Do tego nałożyło się kilka spraw w życiu prywatnym, stąd tylko start na 50 metrów stylem grzbietowym. Miał być także start w sztafecie 4x50 metrów stylem zmiennym, jednak do rywalizacji nie doszło ze względu na problemy techniczne podczas organizacji zawodów. Organizatorzy musieli uporać się z systemem pomiarowym, który odmówił posłuszeństwa.
- Nie lubię wymówek, ale w sporcie, w którym jedna sekunda robi wielką różnicę, każdy czynnik ma znaczenie. Generalnie ze wszystkich startów w tym roku nie jestem do końca zadowolony i planuję nieco odpocząć od pływania w najbliższych miesiącach - dodaje Krzysztof Jankiewicz, który już zapowiedział, że nie wystartuje w ogólnopolskim czempionacie, zaplanowanym na czerwiec 2017 roku.
Zatem, czy to koniec kariery? - Nie mówię jeszcze o zakończeniu kariery. Chcę uporządkować swoje sprawy. Jeśli będę miał chęci na pewno wrócę do pływania - podsumowuje pływak.
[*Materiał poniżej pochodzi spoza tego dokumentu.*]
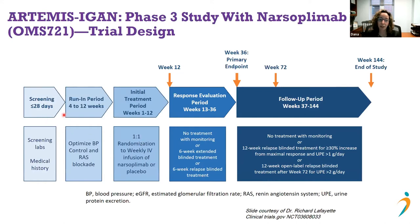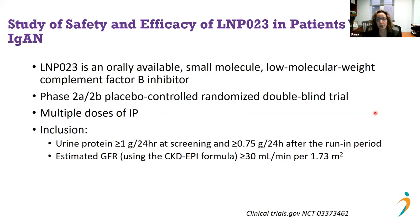The phase three trial randomizes patients to receive IV narsoplimab or placebo for 12 weeks, with further treatment offered if only a partial response is achieved. Patients are then followed to assess whether urine protein has declined significantly and what happens to kidney function over time. This trial is ongoing.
Objawieniem mistrzostw w skierniewickim klubie jest bez wątpienia Alicja Ulicka. Grzbiecistka we wszystkich startach kwalifikowała się do finałów. Najlepszy wynik osiągnęła na dystansie 200 metrów. Pływaczka zajęła szóste miejsce z czasem 1.15,57. We wszystkich swoich startach Alicja Ulicka ustanawiała nie tylko rekordy życiowe, ale również poprawiła rekordy klubu.
- Występy Alicji pokazały, że mamy kolejny diament, o który należy starannie dbać - mówi Marcin Sarna, szkoleniowiec pływaków UKS Nawa Skierniewice.
Szkoleniowiec podkreśla, że zimowe mistrzostwa nie miały wysokiego priorytetu.
- Nie nastawialiśmy się na mocną rywalizację. Jechaliśmy do Olsztyna bardziej po doświadczenie. Naszą główną imprezą są mistrzostwa Polski juniorów. Jednak te wyniki pokazują, że idziemy dobrą drogą - dodaje Marcin Sarna.